## TASK BRIEF
Would you please copy the entries exactly, leaving every picture aside?

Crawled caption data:
◆ ◆ ◆

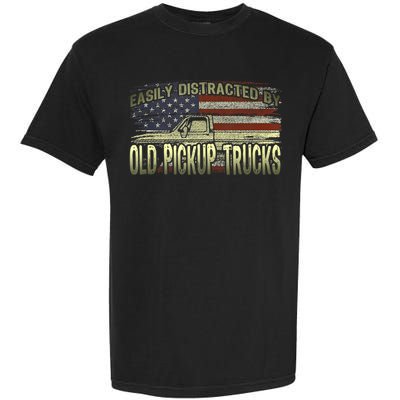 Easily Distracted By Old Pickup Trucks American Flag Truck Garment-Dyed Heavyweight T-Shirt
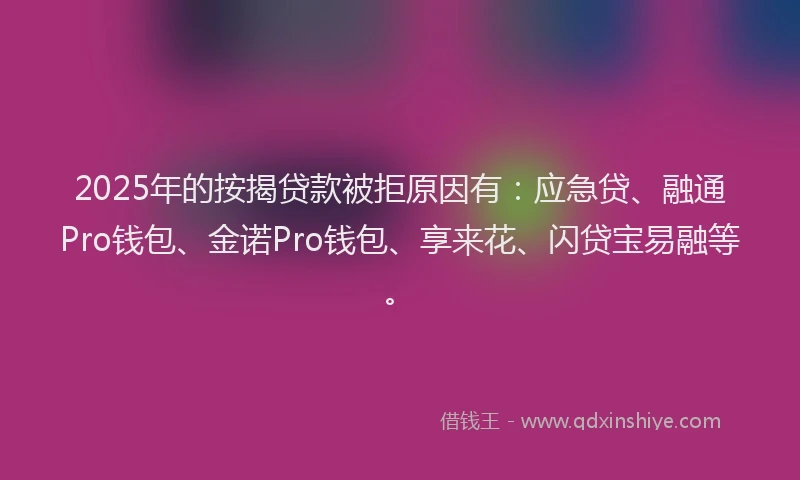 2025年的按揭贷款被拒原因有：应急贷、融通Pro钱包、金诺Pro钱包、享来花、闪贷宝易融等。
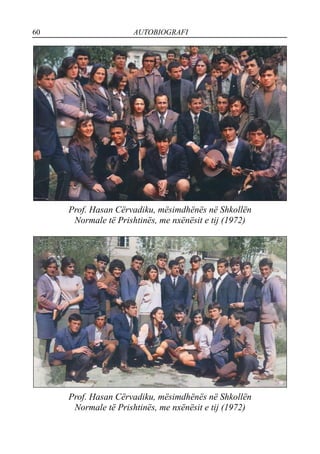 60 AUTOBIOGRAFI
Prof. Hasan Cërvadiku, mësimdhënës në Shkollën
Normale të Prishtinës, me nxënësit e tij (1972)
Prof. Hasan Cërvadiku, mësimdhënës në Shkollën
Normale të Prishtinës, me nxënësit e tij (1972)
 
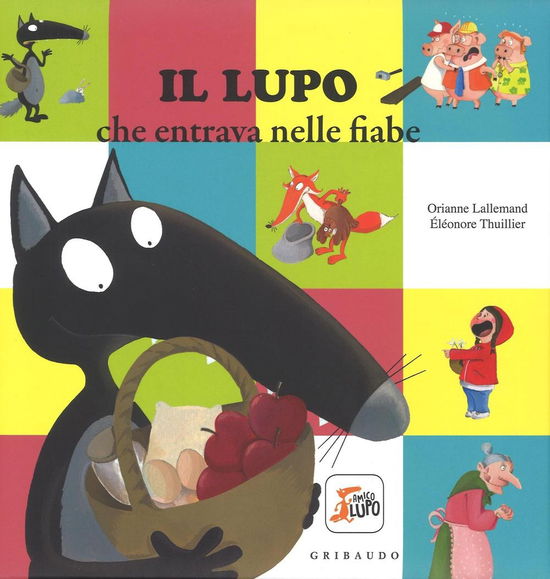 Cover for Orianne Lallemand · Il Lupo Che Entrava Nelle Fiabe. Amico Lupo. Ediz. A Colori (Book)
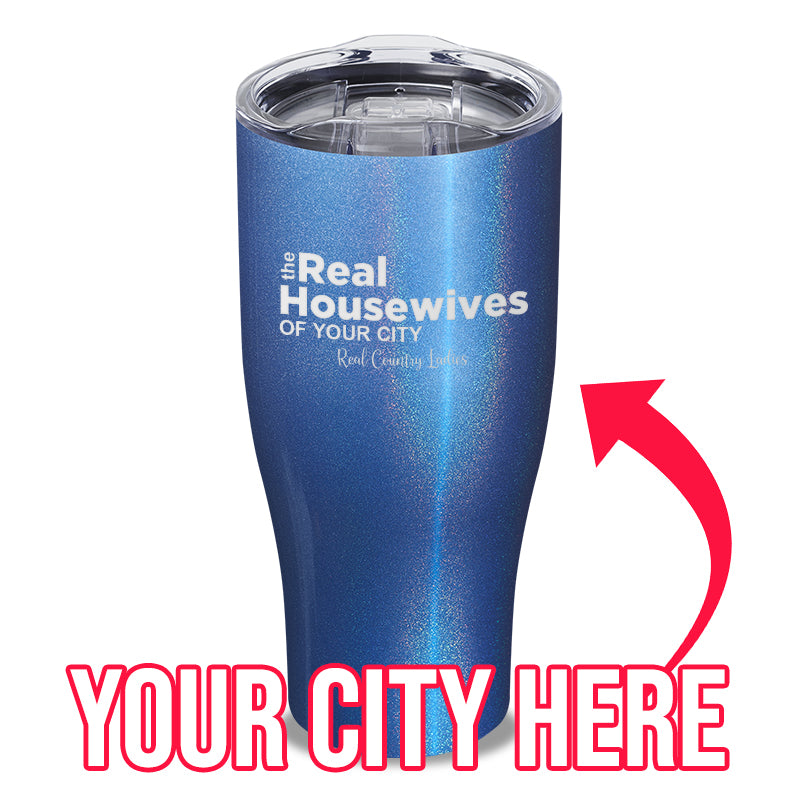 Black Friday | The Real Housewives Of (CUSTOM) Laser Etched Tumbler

◆ ◆ ◆

## RESPONSE AREA
 Easily Distracted By Old Pickup Trucks American Flag Truck Garment-Dyed Heavyweight T-Shirt
 2025年的按揭贷款被拒原因有：应急贷、融通Pro钱包、金诺Pro钱包、享来花、闪贷宝易融等。
 60 AUTOBIOGRAFI
Prof. Hasan Cërvadiku, mësimdhënës në Shkollën
Normale të Prishtinës, me nxënësit e tij (1972)
Prof. Hasan Cërvadiku, mësimdhënës në Shkollën
Normale të Prishtinës, me nxënësit e tij (1972)
 
 Cover for Orianne Lallemand · Il Lupo Che Entrava Nelle Fiabe. Amico Lupo. Ediz. A Colori (Book)
 Black Friday | The Real Housewives Of (CUSTOM) Laser Etched Tumbler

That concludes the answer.